La France cancre de l'emploi ? C'est faux !

Par Olivier Passet, Xerfi  |   |  585  mots
Olivier Passet, directeur des synthèses économiques de Xerfi. / DR
Ebréchons quelques idées reçues sur l’emploi en France. Plus précisément sur la France, mouton noir des pays développés en matière d’emploi.

Partons de ce que l'on connaît le mieux. La piètre performance française en matière de chômage. Cette piètre performance sur laquelle se bâtit toute la rhétorique de l'échec français. Et qui fait du marché du travail français l'anti modèle de l'OCDE.

La barre des 7% de chômage

Concentrons-nous sur ces pays que nous envions pour leur capacité à naviguer régulièrement sous la barre des 7% de chômage et à rétablir plus rapidement que nous le plein emploi dans la crise. Autrement dit, l'Allemagne, le Royaume-Uni, les Etats-Unis, le Danemark, les Pays-Bas et la Suède, des pays qui s'imposent tour à tour comme modèles de régulation exemplaires. Gardons quand même un autre mouton noir, l'Italie, pour mieux saisir ce qui nous sépare des meilleurs et nous rapproche du pire.

De ces pays, nous envions la régulation, car elle leur permet de créer des emplois quand nos entreprises y rechignent cette fameuse désincitation à l'embauche que produirait notre enfer règlementaire, syndical et jurisprudentiel.

La dynamique d'emploi

Comparons d'abord nos dynamiques d'emploi depuis 2000 pour prendre la mesure du problème. La France se situe sans surprise plutôt en bas de l'échelle concernant sa performance de moyen terme mais elle n'a pas à rougir de sa performance  globale quand elle se compare aux États-Unis, à l'Allemagne ou encore aux Pays-Bas. Ce sur quoi elle pèche en revanche, c'est sur sa capacité à rebondir depuis 2010.

Mais entre les minijobs allemands, les contrats zéro heure en grande Bretagne, la montée du temps partiel, et nos propres emplois dégradés en France quel est le bilan véritable de ces créations d'emploi en termes de volume horaire de travail. Au fond, parmi ces pays, qui a créé le plus d'heures de travail ?

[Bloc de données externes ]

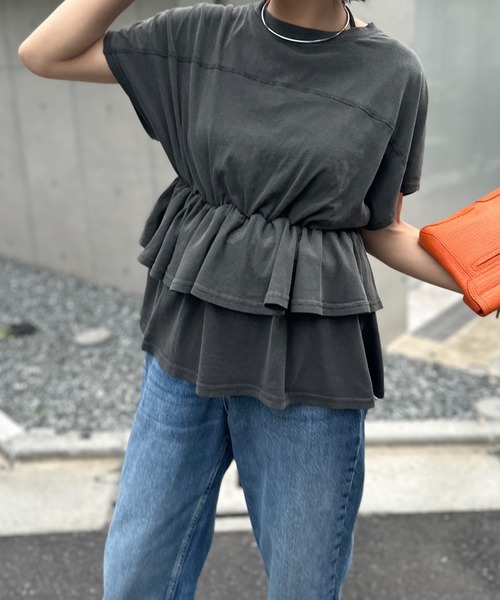 mi via loca(ミヴィアロカ)の「ピグメント フリルギャザー フレンチスリーブ ペプラムトップス(Tシャツ/カットソー・レディース・ベージュ/スミクロ/カーキ・FREE)」の10枚目の写真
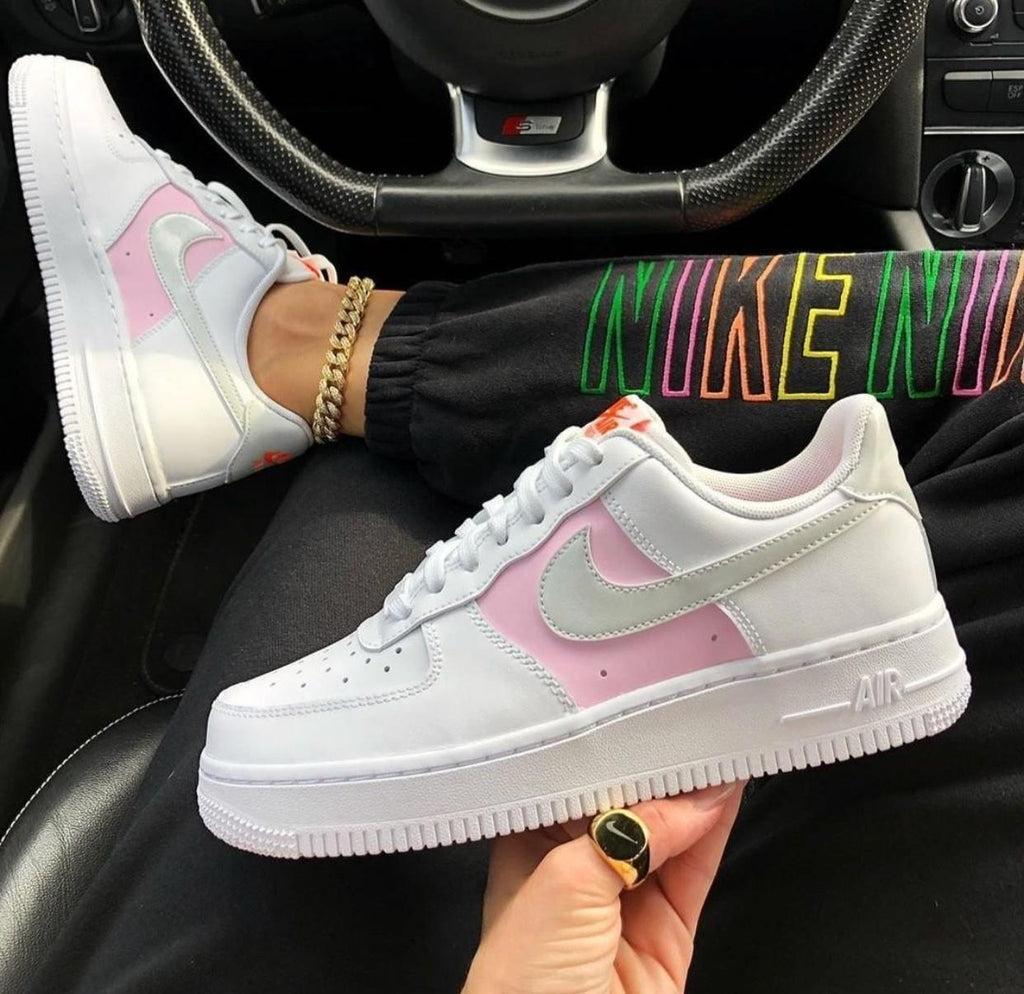 Cambio boca castillo Zapatillas nike airforce blanco/rosa/gris – Pillazapas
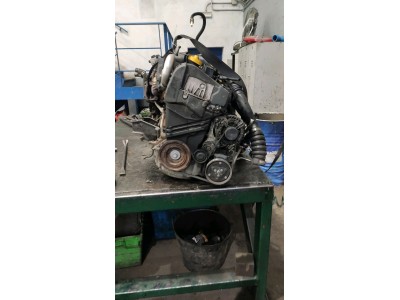 Motor RENAULT CLIO 2009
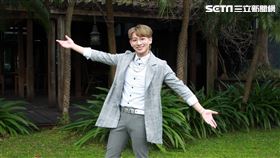 嘻小瓜接受三立新聞網專訪。（記者邱榮吉/攝影）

Et là, on peut voir que performance de la plupart des pays s'affaisse, ce qui montre l'incidence forte du partage du travail dans les performances récentes. La France figure plutôt en haut de l'échelle. Elle surclasse nettement l'Allemagne et les Etats-Unis compte tenu de la forte proportion d'emplois de petites durées dans ces deux pays. Bien des performances récentes sont aussi à relativiser au regard des dynamiques de moyen terme. Seuls Le Royaume-Uni et la Suède se démarquent positivement depuis la crise.

Le facteur démographique

Mais chacun de ces pays a des dynamiques démographiques différentes. C'est au fond la capacité à créer des heures de travail par personnes en âge de travailler qui permet de jauger la performance véritable des économies. Et là encore la France fait bonne figure en dépit de sa dynamique démographique. Elle surclasse cette fois ci très nettement les Etats-Unis mais aussi le Royaume-Uni sans parler de l'emblème de la flexi-sécurité qu'incarne le Danemark.

Certains sceptiques soupçonneront l'artifice des emplois administrés ou subventionnés, dans l'administration, l'action sociale, la santé ou l'éducation. Et là encore, il faut abandonner les idées reçues. Non la France est loin d'être la championne de ce type d'emplois. Il faut se tourner vers le Royaume-Uni ou les pays-bas pour trouver les plus fortes croissances dans ces secteurs fortement solvabilisés par la puissance publique.

 Alors, oui, la France est un piètre élève en matière de chômage  mais, paradoxe,  elle est loin d'être le cancre que l'on croit en matière d'emploi.